TASK STATEMENT: The lines to print run from the top of the material below to the line with "Remove Pollen from Lilies", inclusive; please copy them exactly, without pictures.

LISTED ENTRIES:
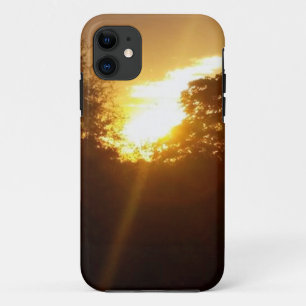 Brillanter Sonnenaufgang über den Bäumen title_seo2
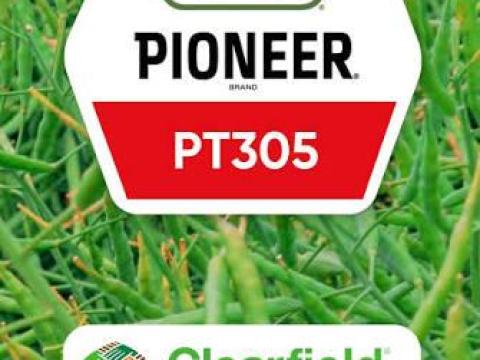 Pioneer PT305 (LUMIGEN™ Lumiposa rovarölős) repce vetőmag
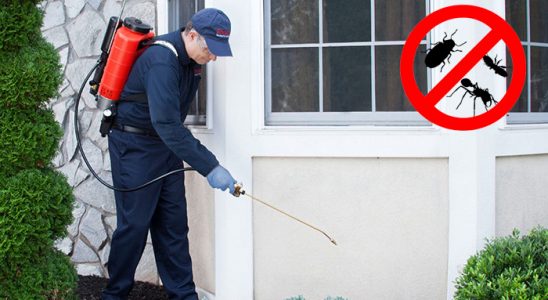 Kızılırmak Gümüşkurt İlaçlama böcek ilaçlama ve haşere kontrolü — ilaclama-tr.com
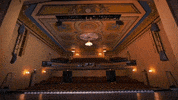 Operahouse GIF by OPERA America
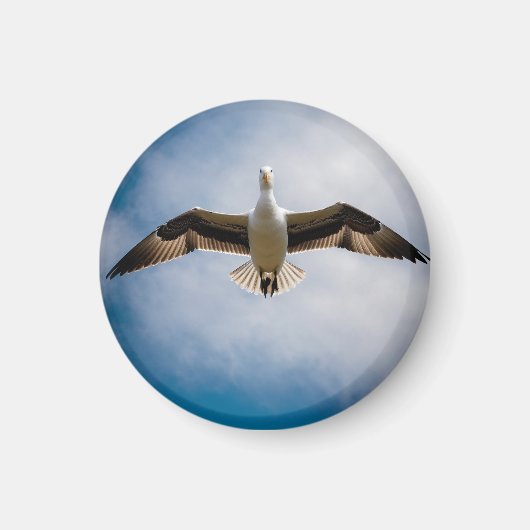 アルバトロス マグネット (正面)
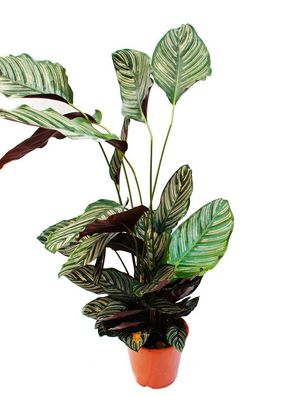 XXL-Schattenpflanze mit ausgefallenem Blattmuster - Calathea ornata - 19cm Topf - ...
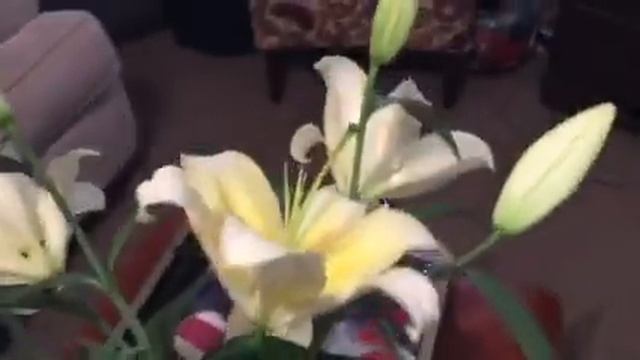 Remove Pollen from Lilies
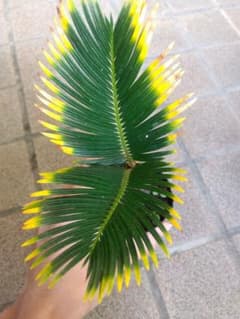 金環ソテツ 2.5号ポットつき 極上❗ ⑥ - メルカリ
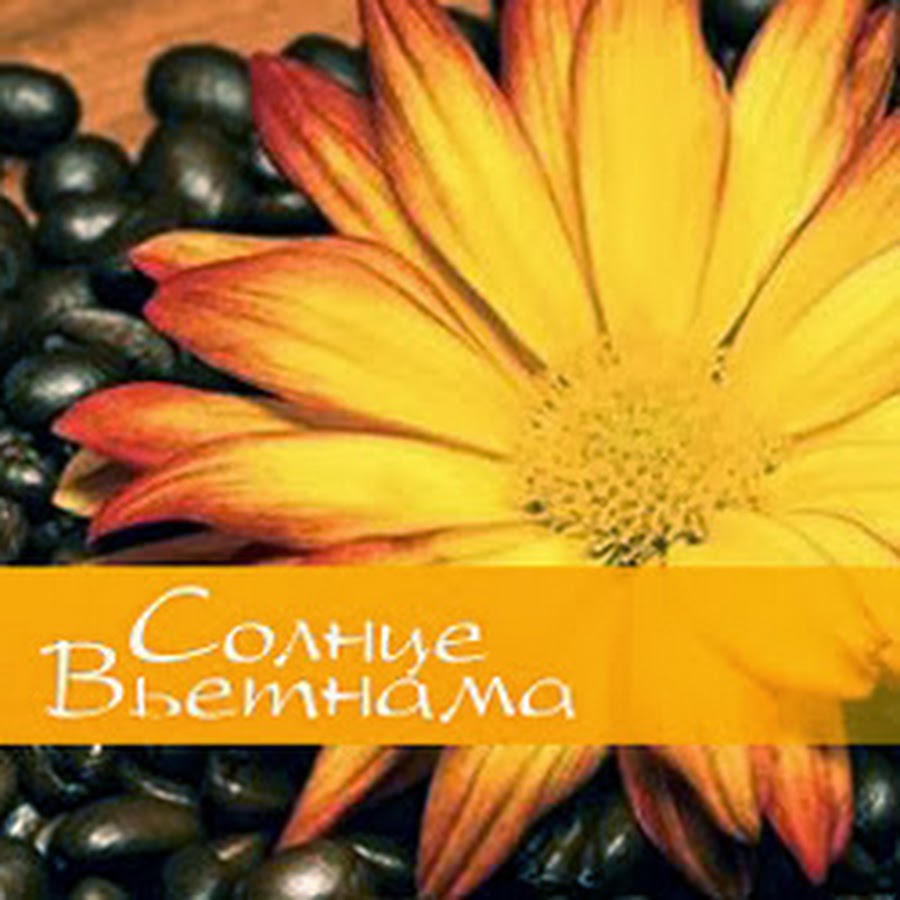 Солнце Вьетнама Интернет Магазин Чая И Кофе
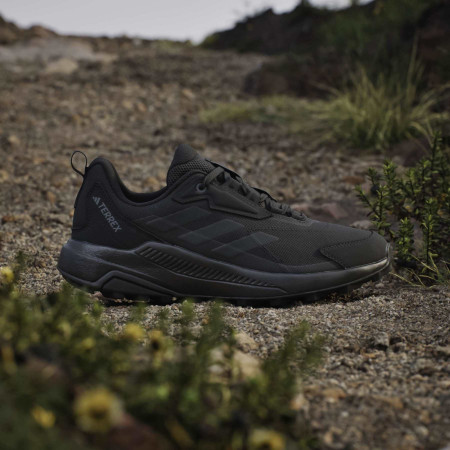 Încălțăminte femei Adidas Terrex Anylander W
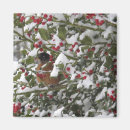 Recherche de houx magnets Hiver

YOUR SOLUTION:
 Brillanter Sonnenaufgang über den Bäumen title_seo2
 Pioneer PT305 (LUMIGEN™ Lumiposa rovarölős) repce vetőmag
 Kızılırmak Gümüşkurt İlaçlama böcek ilaçlama ve haşere kontrolü — ilaclama-tr.com
 Operahouse GIF by OPERA America
 アルバトロス マグネット (正面)
 XXL-Schattenpflanze mit ausgefallenem Blattmuster - Calathea ornata - 19cm Topf - ...
 Remove Pollen from Lilies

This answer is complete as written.